Because of typical antimicrobial stewardship restrictions on linezolid, the applicability of our results may be limited. Linezolid, both oral and IV formulations, remains a restricted medication on our institution’s formulary. One reason for this restriction is to avoid the development of resistance via mutations in the 23S ribosomal subunit, or through acquisition of the chloramphenicol-florfenicol resistance (cfr) gene, both of which decrease the efficacy of linezolid and led to a linezolid-resistant MRSA outbreak in a Spanish hospital.25 Linezolid also has a broader spectrum of coverage when compared to vancomycin, further contributing to collateral damage and resistant organisms. Our institution’s antibiogram shows 100% susceptibility of MRSA to vancomycin and 99% susceptibility to linezolid (IV or PO) in non-ICU inpatients, which may support continued use of vancomycin in terms of efficacy. In areas or institutions in which rates of vancomycin-intermediate Staphylococcus aureus (VISA) or vancomycin-resistant Staphylococcus aureus (VRSA) are higher, linezolid may be a preferred option.
With respect to safety, patients in our study received a relatively short course of linezolid therapy because they had uncomplicated lower respiratory infections and no bacteremia. It is likely if patients were to have a more complicated diagnosis and require a longer duration of therapy, they would also be a higher risk of developing adverse events such as thrombocytopenia.
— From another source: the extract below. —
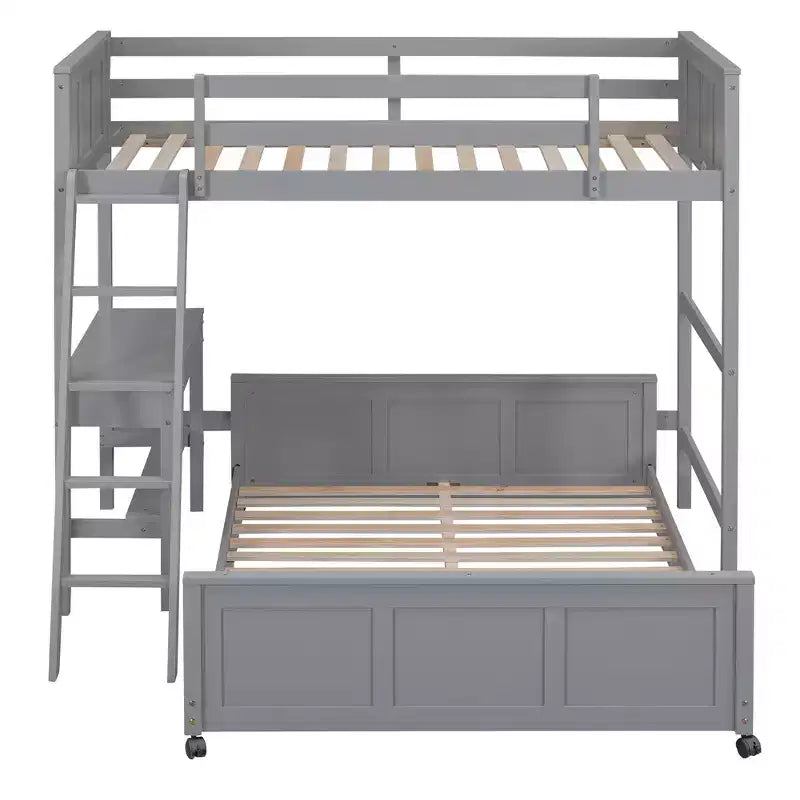 Full Over Full/ Twin Over Full Wood Bunk Bed with Desk and Ladder
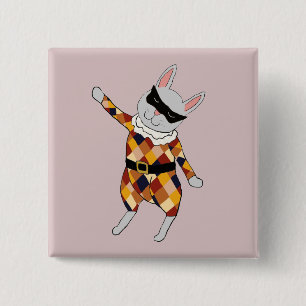 Macaron Carré 5 Cm Bouton de lapin de harlequin de danse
Additionally, when selecting patients in which to utilize this approach, it is critical to evaluate for potential serotonergic drug interactions.
Linezolid appears to be a more cost-effective alternative to IV vancomycin therapy for the empiric treatment of suspected uncomplicated MRSA pneumonia with similar safety outcomes for this select patient population. Furthermore, linezolid may be associated with a shorter duration of therapy; however, this must be further investigated in larger studies. This pilot study may guide future research that includes more robust clinical outcome comparisons and cost evaluation. Future studies may investigate if these results can be replicated in definitive treatments of MRSA pneumonia.